Киевские родственники жены руководствовались, понятно, соображениями прагматического характера – вышла замуж, пусть муж и содержит. А родителей Гроссмана эта перспектив не радовала.
Были у них и другие основания для тревоги. Сын же пытался успокоить: «Дорогой батько, ты писал, что тебя очень огорчает то, что у меня занятия стоят на втором плане, а “литература” на первом. Это не совсем так. Я действительно последних две недели полностью посвятил писанию брошюры о “раскрепощении женщины Узбекистана”, теперь я эту работу уже закончил и отдал сей труд печатать на машинке, через пару дней понесу на суд в издательство. Поверь мне, что этим делом я занимался не из любви к “святому искусству”, а исключительно из материальных соображений».
Гонорар, как утверждал сын, дал бы возможность «молодой семье» безбедно жить месяца два, если не больше. Рассказал и о досуге: вместе с женой был в на мхатовском спектакле по пьесе Булгакова «Дни Турбиных».

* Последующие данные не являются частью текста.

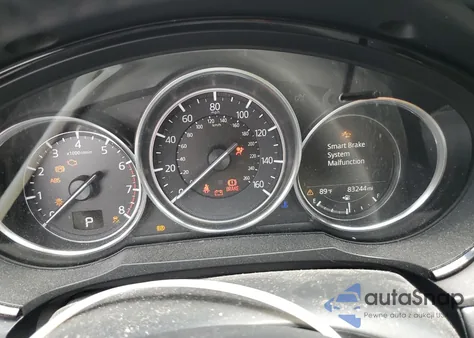 2018 Mazda Cx-9 Grand Touring from USA, damaged, VIN JM3TCADY2J0226902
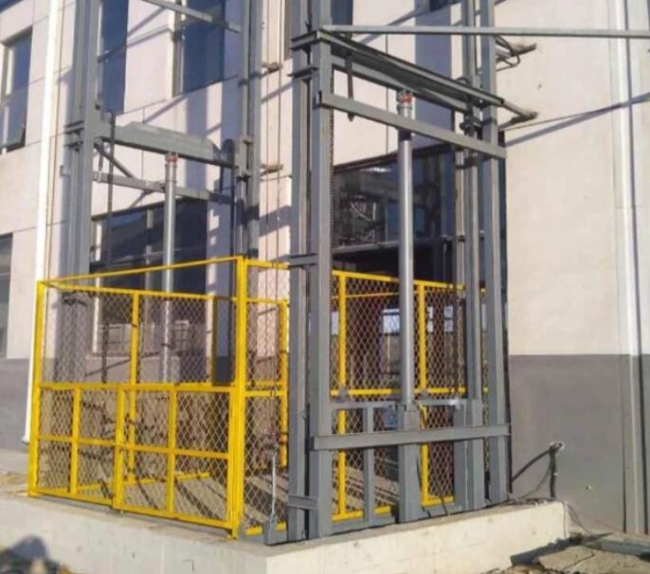 枫木镇防爆货梯可以在工厂使用吗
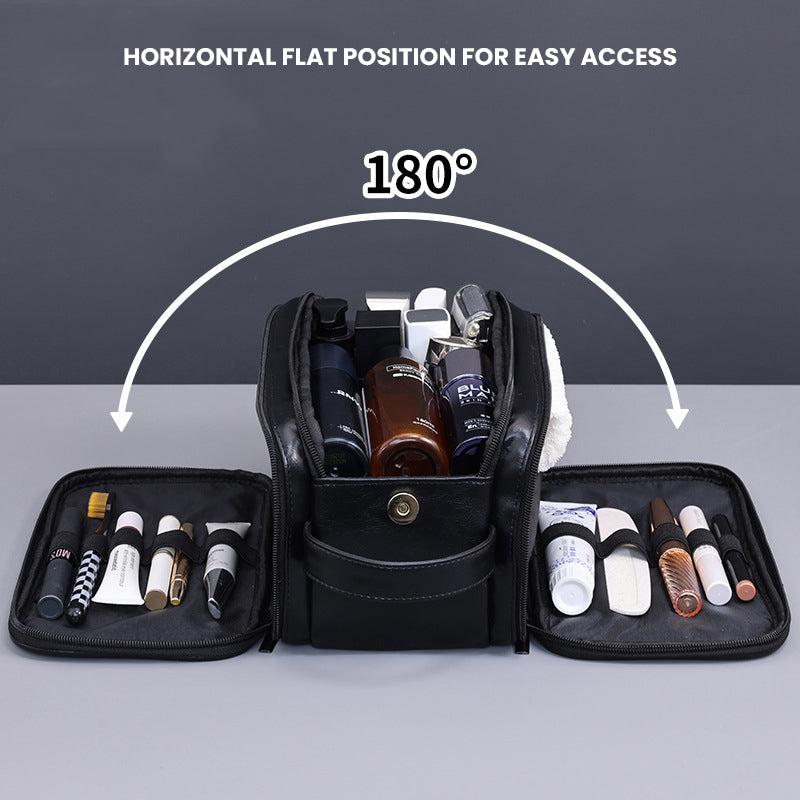 The Everkit™ – The Lifetime Toiletry Bag by Camel Mountain – 6L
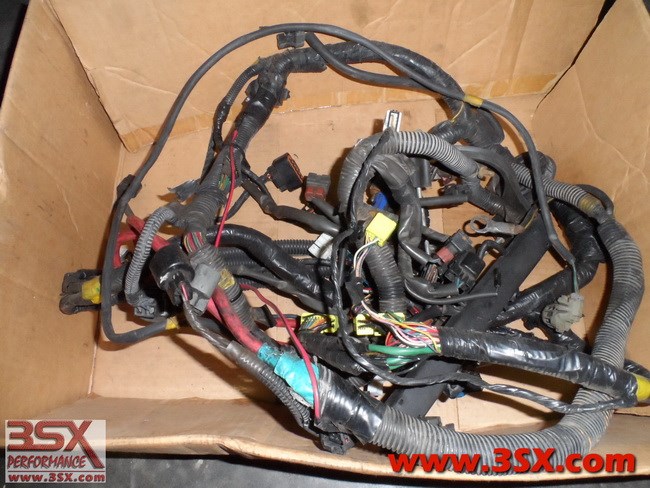 Picture of USED Engine Engine Harness 93 VR4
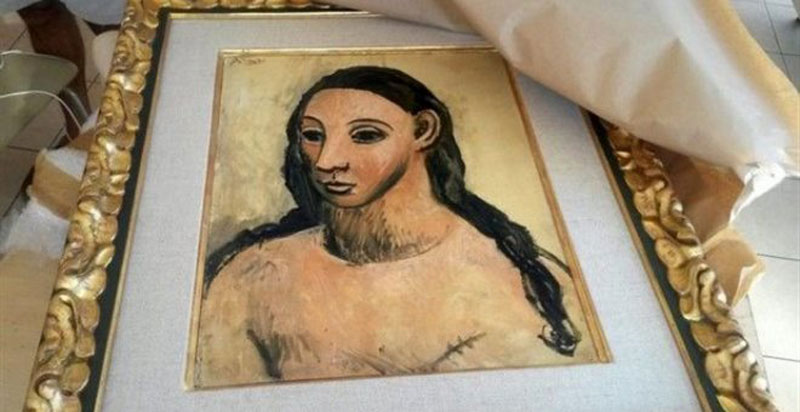 Επιστροφή στην Ισπανία για τον Πικάσο της Κορσικής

Спектакль шел уже два года, как известно, инсценировка булгаковского романа «Белая гвардия» считалась триумфом МХАТ. Большинство зрителей восхищалось, рецензенты преимущественно бранили. И Гроссман невольно с критиками солидаризовался, отметив, что «игра хорошая, но пьеса мне не понравилась, уж больно тенденциозно выведены белые офицеры, все сплошь благородные, добрые, честные, смелые, а если и выведен один жулик (адъютант Шервинский), то он такой добрый, что на него невозможно сердиться, и если есть один полностью отрицательный тип – Тальберг, то он немец, а русские все ангелы; очень глупо».